While the government made this promise years ago, 80% of national departments do not pay suppliers on time. Many big businesses adopted the 30-day payment practice during the early stages of the lockdown. Coovadia told Vutivi News that the most likely reason that departments were not reaching the target was because they did not have the appropriate systems and procedures in place to process payments.

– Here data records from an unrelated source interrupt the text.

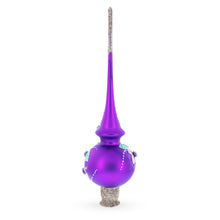 Load image into Gallery viewer, Dimensional Roses on PurpleGlass Christmas Tree Topper 11 Inches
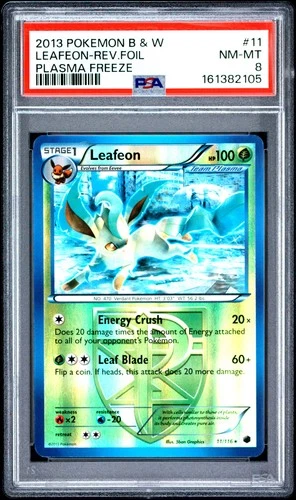 Pokemon Leafeon Reverse Holo Plasma Freeze 11/116 PSA 8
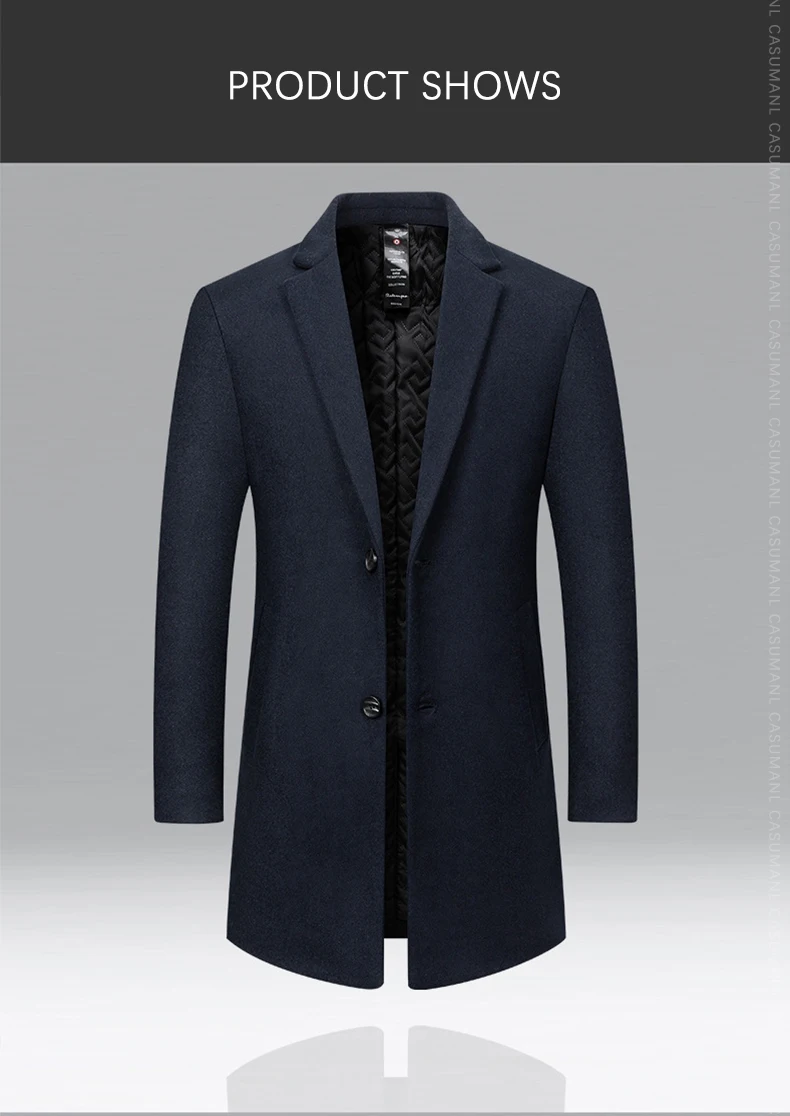 BROWON Brand 2026 Winter Elegant Woolen Coat Man Thicken Navy Color Smart Casual Outdoor Long Overcoat for Men Wollmantel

“There is also no accountability,” he said. “SMMEs are very dependent on positive cash flows to survive. They often do not have sufficient working capital, so failure to pay them for services rendered in 30 days affects their cash flow and destroys confidence in working with (the government).” During a recent meeting held by Parliament’s Portfolio Committee on Small Business Development on the impact of the State of the Nation Address on SMMEs, it was revealed that of the 40 national departments, only eight achieved a 100% compliance rate for paying SMMEs on time.
They included the Small Business Development Department. It was further revealed that unpaid invoices for provincial departments amounted to R26.6 billion in the 2020/21 financial year, while at the national level it was R4.1 billion. Coovadia said that Busa was encouraging all businesses to pay SMMEs within 30 days.
“We launched a campaign last year to promote this, and the results have generally been good,” he said. “We believe corporate companies must pay SMMEs in 30 days. This will enable SMMEs to manage cashflow and to survive and grow, with the resulting positive impact on the economy,” he also said. The #PayIn30 initiative is spearheaded by Business for South Africa (B4SA) and is supported by a number of organisations including Busa, the Small Business Institute and the Black Business Council.